Hezekiah’s faith was also strengthened by having the right motives: “Save us, please, from his hand, that all the kingdoms of the earth may know that you, O LORD, are God alone” (2 Kings 19:19). This is alluded to by the Lord in His prayer just before His death: “That the world may know” (Jn. 17:23). Hezekiah’s prayer for the Assyrian destruction was in fact so that the Gentile nations around Judah would come to know Yahweh, to accept Him. What finer motivation! This was no selfish shriek for help.

 

It’s surely significant that Hezekiah is stated to be Judah’s most faith-ful King, and yet he had a major lack of faith when he cut off the gold of the temple and gave it to the Assyrians; and he asks God to give him a sign that the promised healing was really going to happen. Indeed the whole nature of the dialogue seems to indicate a man of somewhat faltering faith, needing every encouragement:
“Then Isaiah told the king's attendants to put on his boil a paste made of figs, and he would get well. King Hezekiah asked, "What is the sign to prove that the LORD will heal me and that three days later I will be able to go to the Temple?"  Isaiah replied, "The LORD will give you a sign to prove that he will keep his promise. Now, would you prefer to have the shadow on the stairway go forward ten steps or go back ten steps?"  Hezekiah answered, "It's easy to have the shadow go forward ten steps! Have it go back ten steps." (2 Kings 20:7-10). Firstly, Hezekiah asks for a sign “to prove” that God’s predicted cure of him was going to happen. And when given the option of the shadow of the sun jumping forward by ten degrees, he almost mocks that as too ‘easy’. Yet this is the man with the accolade that no King believed in God like he did. Perhaps he reached his heights of faith through having these low moments. ‘Putting God to the test’ as it seems Hezekiah did is seen in Scripture as not fully believing in Him (Num. 14:20-24; Dt. 6:16; Is. 7:12; Lk. 11:33-36).

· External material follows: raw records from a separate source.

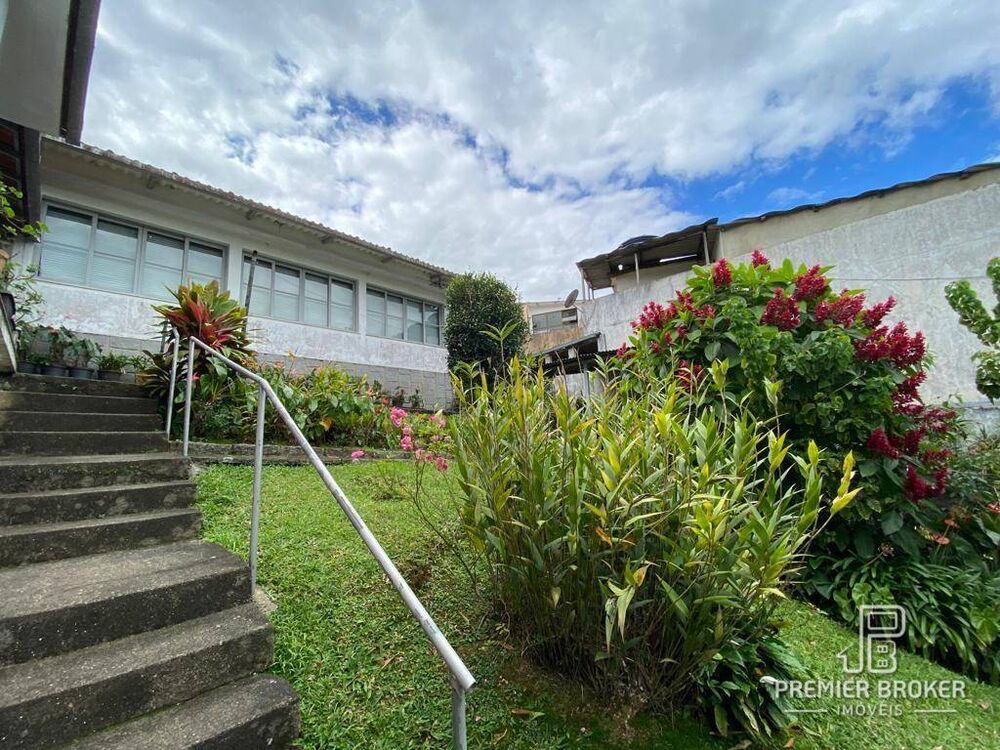 Casa à venda com 3 quartos, 200m² - Foto 3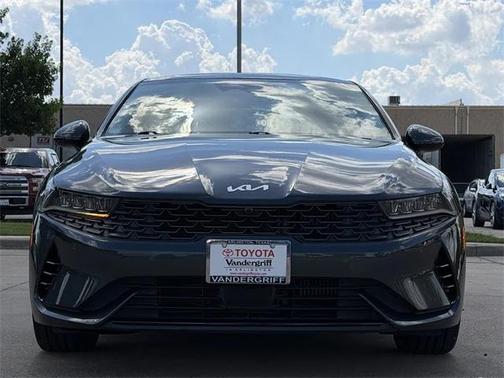 2022 Kia K5 EX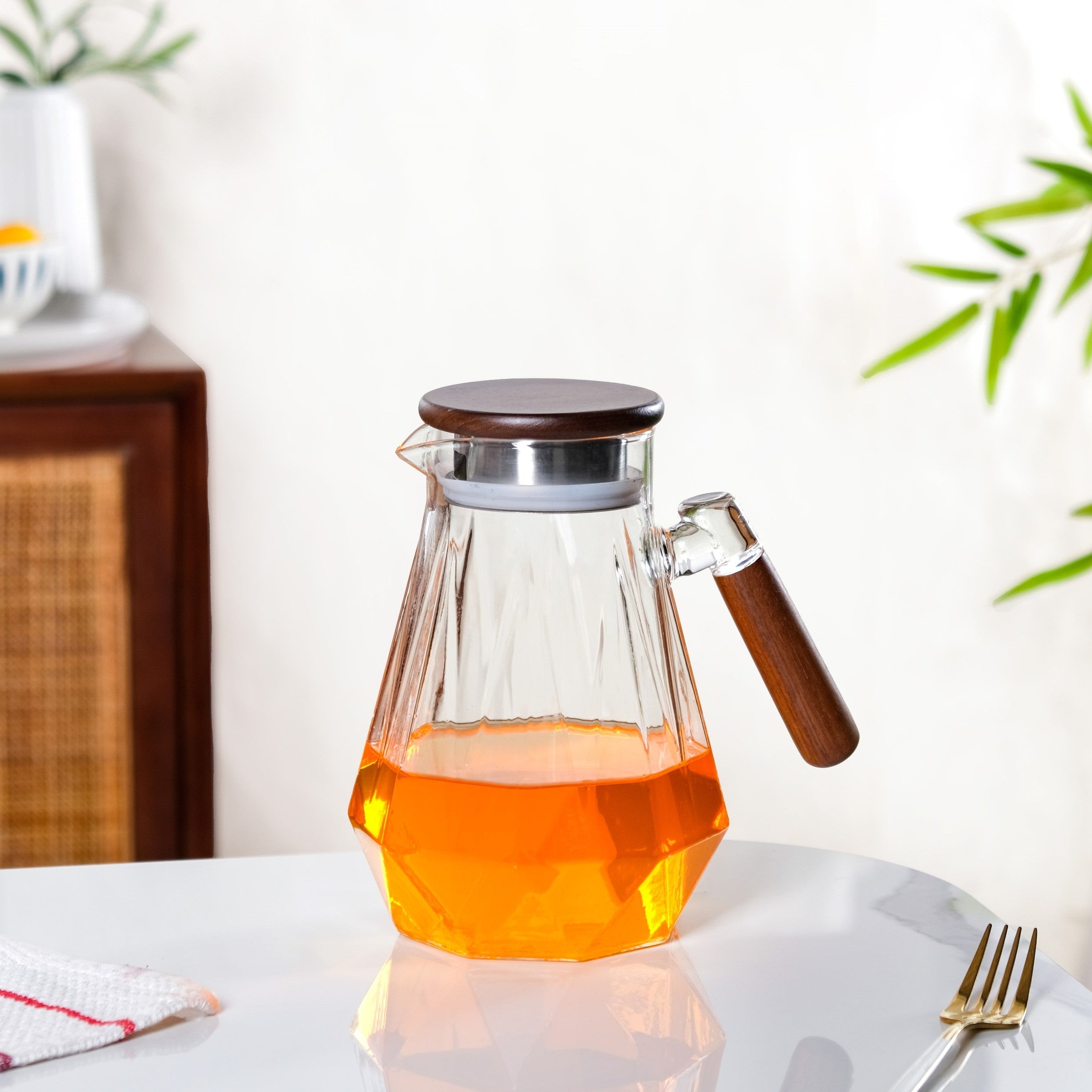 Modern Borosilicate Juice Jar With Fusion Handle 1350ml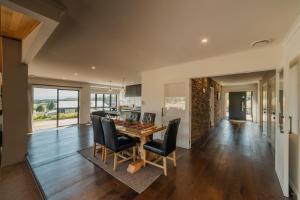 A seating area at Cedar Sky - 3BR Near Lake Tekapo and Mt John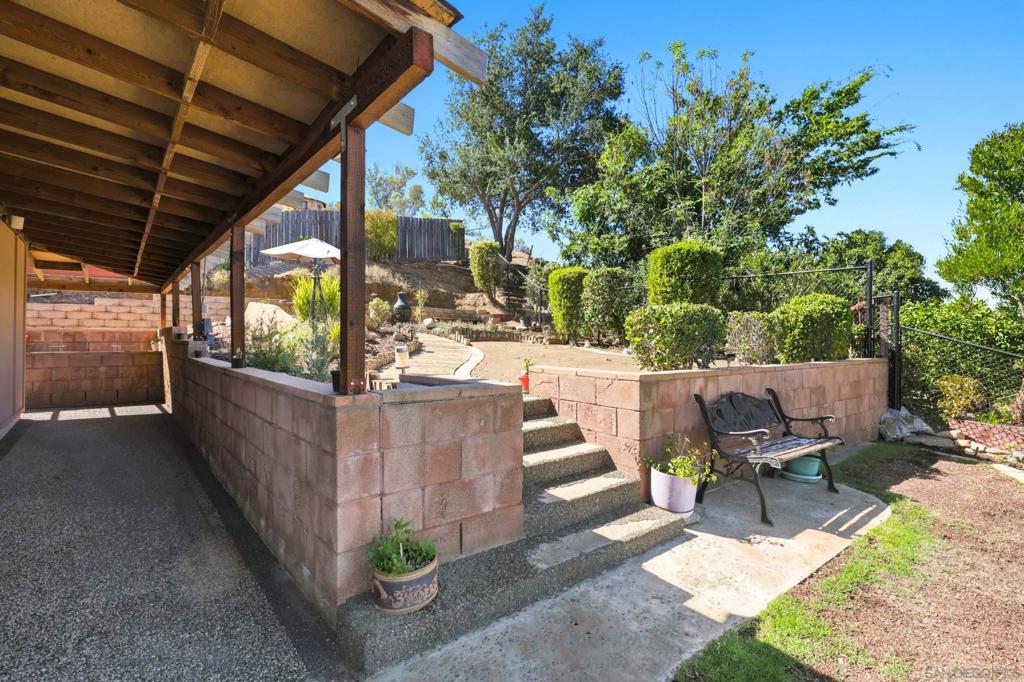 12886 Castle Court Drive Property Photo 57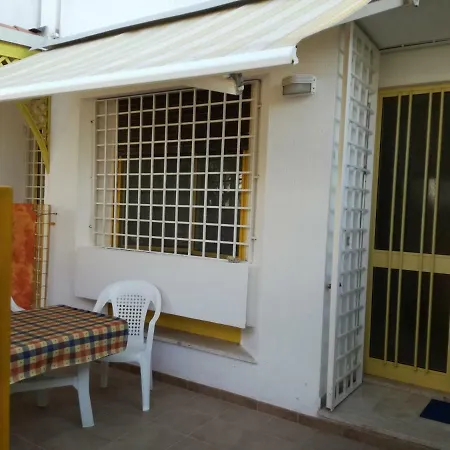 Casa Gialla Torre Pali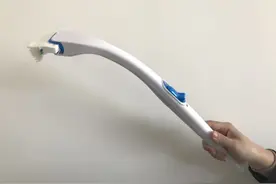 马桶内壁上的黄渍难清洁？教你一个妙招，轻松洁净如新，很实用图片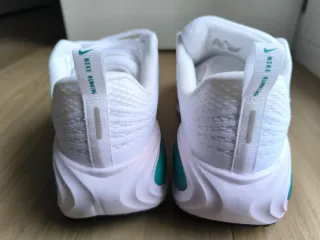 Nike Vomero Plus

Maybe God left Hezekiah to test him in the matter of the ambassadors from Babylon as a kind of response- ‘You put me to the test, I’ll put you to the test’ (2 Chron. 32:31).  Let’s remember that in Bible characters like Hezekiah, we are reading only a few cameos of their lives. Most of his life history, his inner thoughts, are unknown to us. But God’s summary statement was that he was the most believing King of Judah. So when we read cameos from his life that reflect a weakened faith, we surely have little option but to conclude that somehow in the Divine economy, low points of faith lead a person to higher and stronger ones. And we can all take a lot of comfort from that conclusion as we survey our own lives.